Writer Dennis O’Neil and artist Neal Adams’ stories of Green Lantern and Green Arrow traveling across America in the early 1970s are some of the best work from DC to come out of that decade. The premise was very simple. Green Arrow, who had recently lost his personal fortune, had become a modern-day Robin Hood, defending the poor and the less fortunate from crime both gang related and white-collar.
He urges Green Lantern, who usually fights off space invaders and super villains, to come with him and fight the real evils that are facing America–poverty, racism, sexism, drug abuse and more. Green Lantern was hesitant to do such a thing.
An encounter with an elderly black man only reiterates the importance of helping the common man to Green Lantern. The old man asked Green Lantern the following:
“I been readin’ about you…How you work for the blue skins.. And how on a planet someplace you helped out the orange skins…And you done considerable for the purple skins! Only there’s skins you never bothered with–! The black skins! I want to know… How come?! Answer me that, Mr. Green Lantern!”

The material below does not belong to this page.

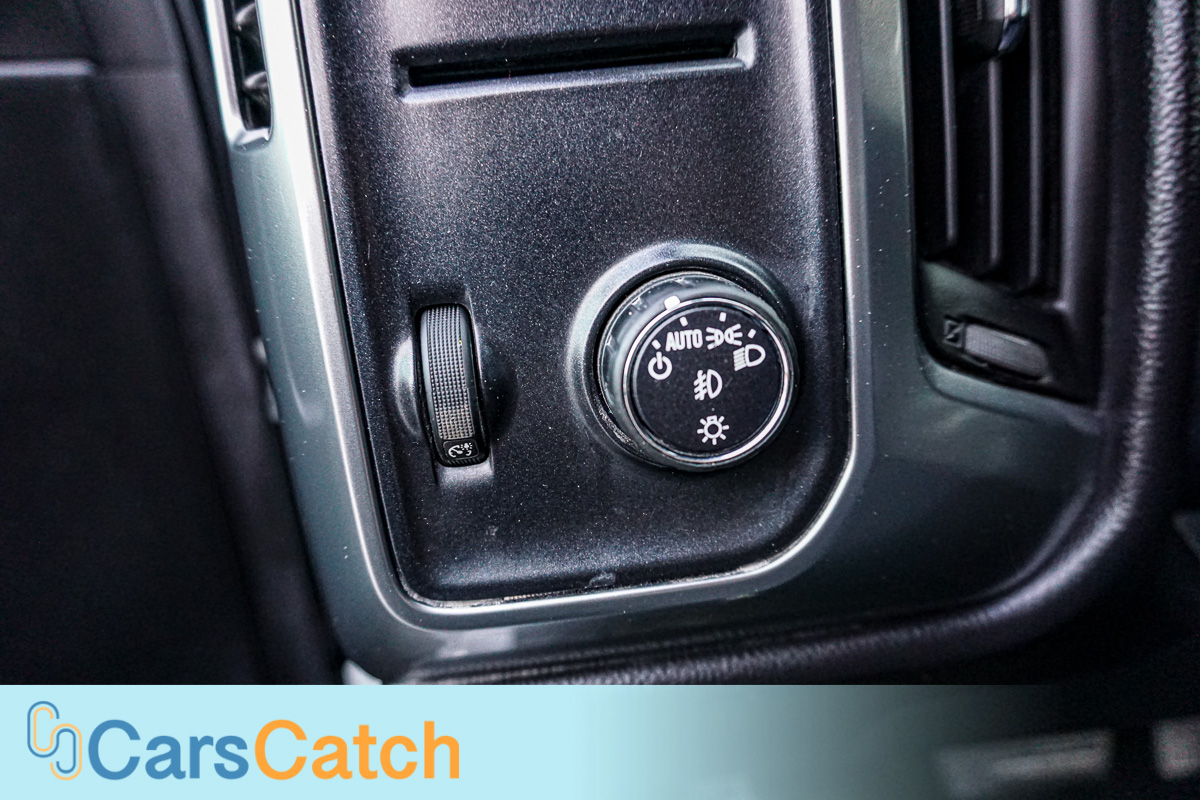 CARSCATCH - Used vehicle - Truck CHEVROLET SILVERADO 1500 2015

And thus, the “hard traveling heroes” were born. While they go on their journey, it is not just Green Lantern who reaches an epiphany. Green Arrow finds our that his sidekick Speedy is a heroin addict. For all of his work in protecting the community, he failed to keep his own house in order. After some arguing and going after the dealer, Speedy winds up quitting cold turkey.
The scenes where he is going through withdrawal are pretty horrific. Between that and the graphic scenes of drug use, this really makes you want to avoid getting involved with drugs. This storyline was very well received in the mainstream world, as the New York Times publicly applauded it as comic books had grown up.
unfortunately, this was only a short run and lasted only 14 issues. The pair have gone on to be the best of friends in DC comics. In the 1990s, Hal Jordan’s replacement Kyle Rayner and Oliver Quinn’s son Connor Hawke get to go on their own adventures together much as their predecessors did.